**TASK OBJECTIVE**
Please begin with the line containing "No momento, você" and reproduce each line exactly until the records below end, without any pictures.

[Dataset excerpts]
========================================

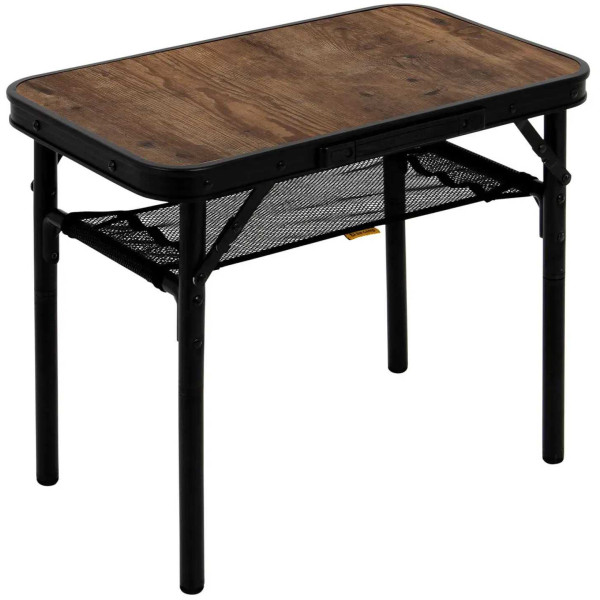 Фото - Складной стол Bo-camp Woodbine Black/Wood look (1404191)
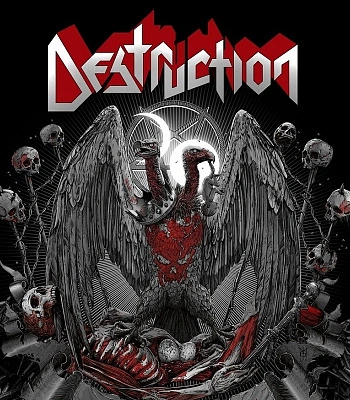 CD Destruction "Born To Perish"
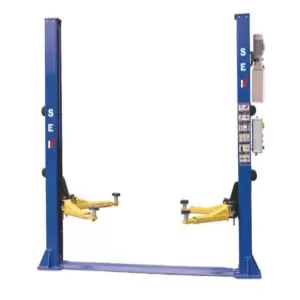 Cầu nâng 2 trụ thủy lực không cổng 4 tấn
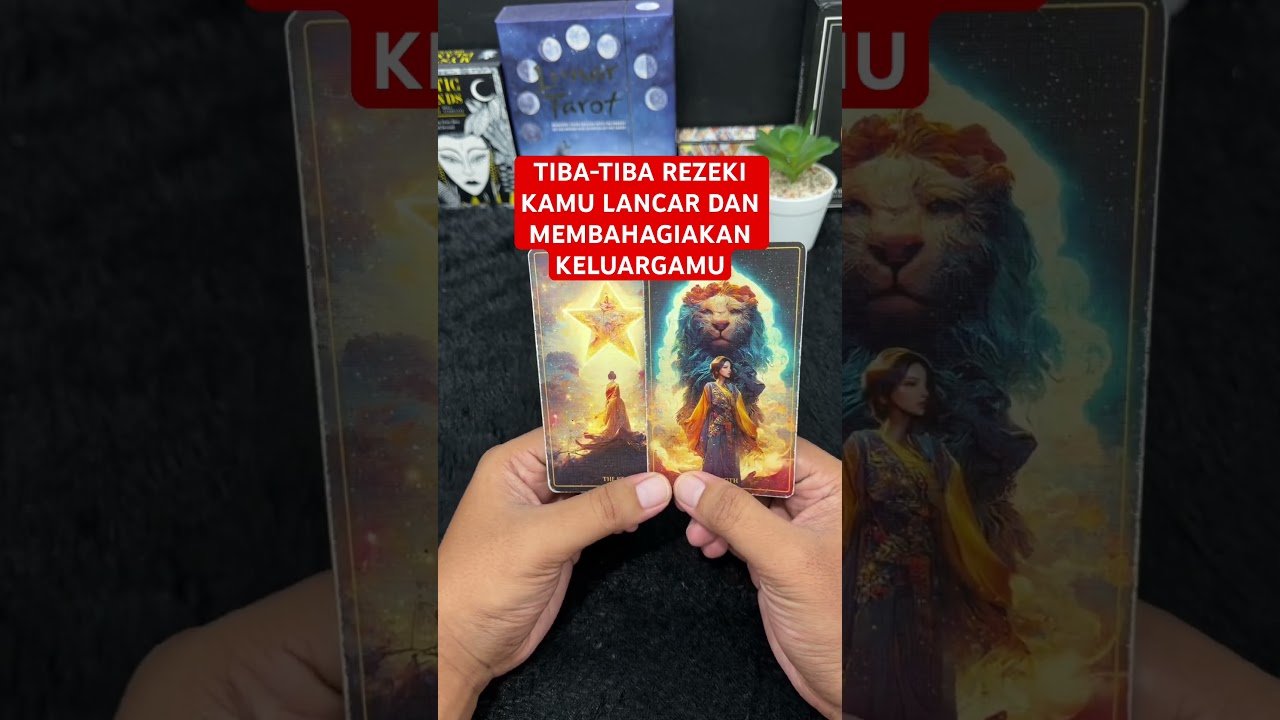 No momento, você está visualizando TIBA-TIBA REZEKI KAMU LANCAR DAN MEMBAHAGIAKAN KELUARGAMU #tarot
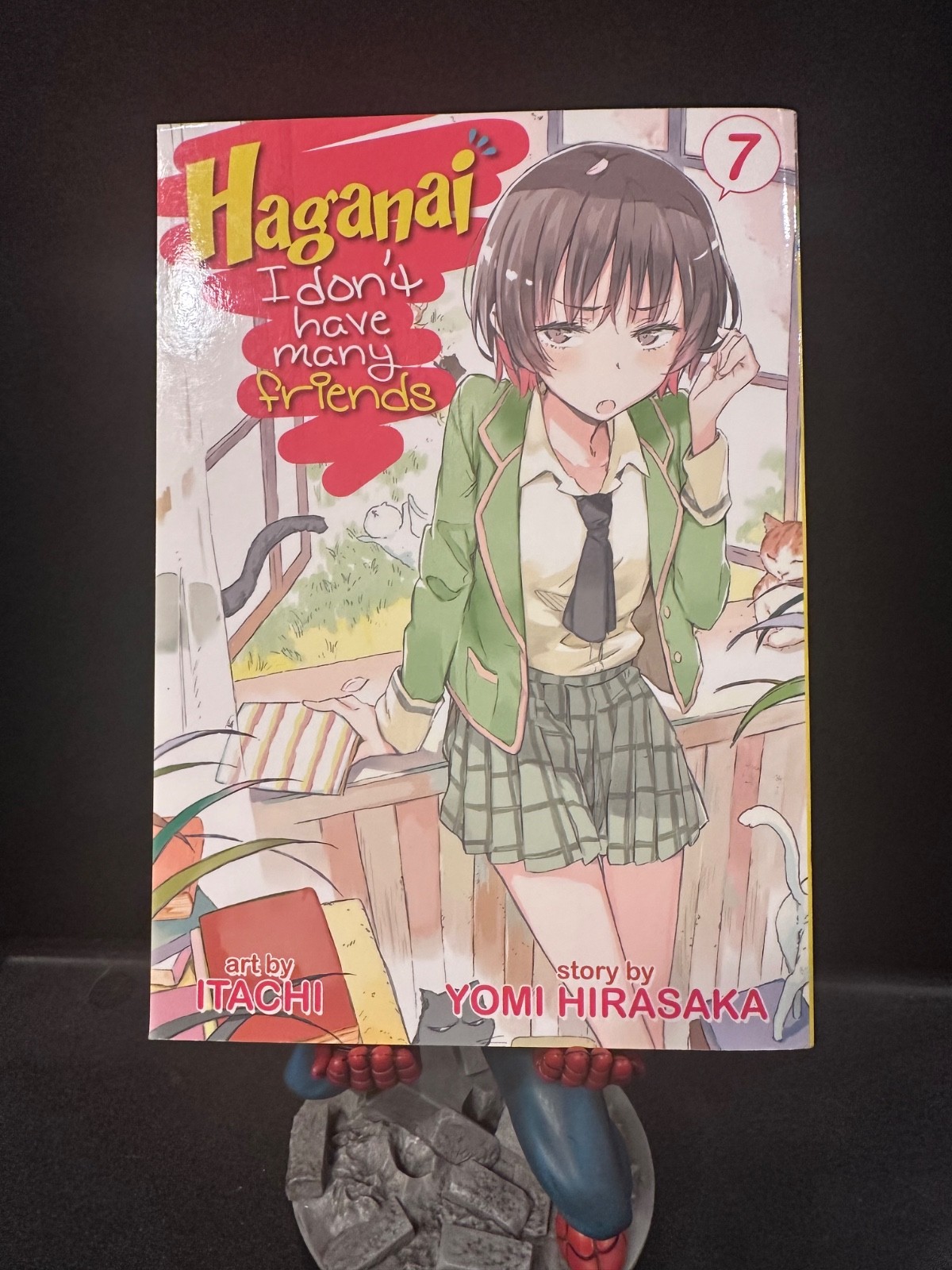 Haganai I Don't Have Many Friends Vol 7 Seven Seas manga inglese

========================================

**SOLUTION TO THE PROBLEM**
 No momento, você está visualizando TIBA-TIBA REZEKI KAMU LANCAR DAN MEMBAHAGIAKAN KELUARGAMU #tarot
 Haganai I Don't Have Many Friends Vol 7 Seven Seas manga inglese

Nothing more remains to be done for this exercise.